Reevaluating Relationships: Navigating the Complexities of Family Bonds
There is no singular aspect to
anything in life. At least that’s what my perspective has been in a life of
nineteen years (and then some). Before writing this, I was studying my idioms,
and the idiom ‘knit brows’ appeared just above ‘kith and kin’, which I felt was
so very perfect to describe what I am going through at the moment.
There are certain things that don’t make
much sense to you beyond your engagement until they do start realizing around
you and about you. The love story between Peshwa Bajirao and Mastani was of
course an inter-cultural romantic tragedy, but broadly it was about an emperor
who fought and won many battles against many emperors in his lifetime but lost the
battle against his very own, the people he called family.

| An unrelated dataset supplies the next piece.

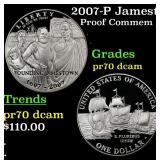 2007-P Jamestown Proof Modern Commem Dollar $1 pr7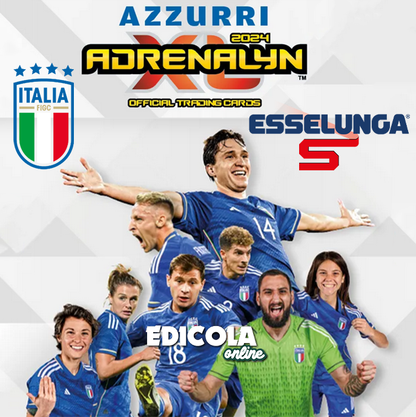 Raccoglitore e/o Bustine Adrenalyn XL AZZURRI Esselunga Calciatori Panini 2024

I am no emperor facing a romantic
tragedy, and my previous blog gave a steady (and real) impression of the fact
that I do, in fact, love my parents and some of my other relatives and cousins
with whom I am attached to. But then comes this dark and overbearing feeling
that these cousins whom I comfortably share everything with or give away everything
to would be the same ones who would bite me like the snakes that I didn’t see
in the past that they, in fact, were.
And maybe they are no snakes and my words
remain a mere suspicion, but there would never be the same level of love and
attachment towards me, and maybe there would be just no love or attachment in
the first place. It’s not because they have their own siblings who are part of
their immediate family, it is because they would always choose those first
cousins over me, someone whose own first cousins are such vile snakes in their
own right.
I sometimes wish God made me a person
who enjoyed his isolation much more. It is like I started evolving backwards. As
a child I very much enjoyed my own company and my own passages of loneliness,
which also benefitted me in more ways than one (I got habituated to reading, no
other phase would strengthen my knowledge and grammatical understanding better
than this early one). But as and when my older self started to open up more
gradually to the world around me, I faced an intense and heartbreaking sense of
loss and- I don’t know if it is even right to put it this way- betrayal.
Yeah, maybe I expected too much from people
who could never possibly become my own. That is wrong in its own right. But an
initial coldness and crudeness would have done enough to drive me away from these-
the thing is, the people I write about today with a long face and the people
who are the cause of tears in my eyes are the same people who, previously, were
extremely warm, loving, kind and welcoming. To the point that the thought
that they were not immediately related to me did not come across my mind. But
that is the thing about people showing their true colours with delay: you would
always like to reconsider, rethink and yes, rewrite your evaluation of them.
This has been written here because it
is supposed to imitate, to some degree, my state of mind.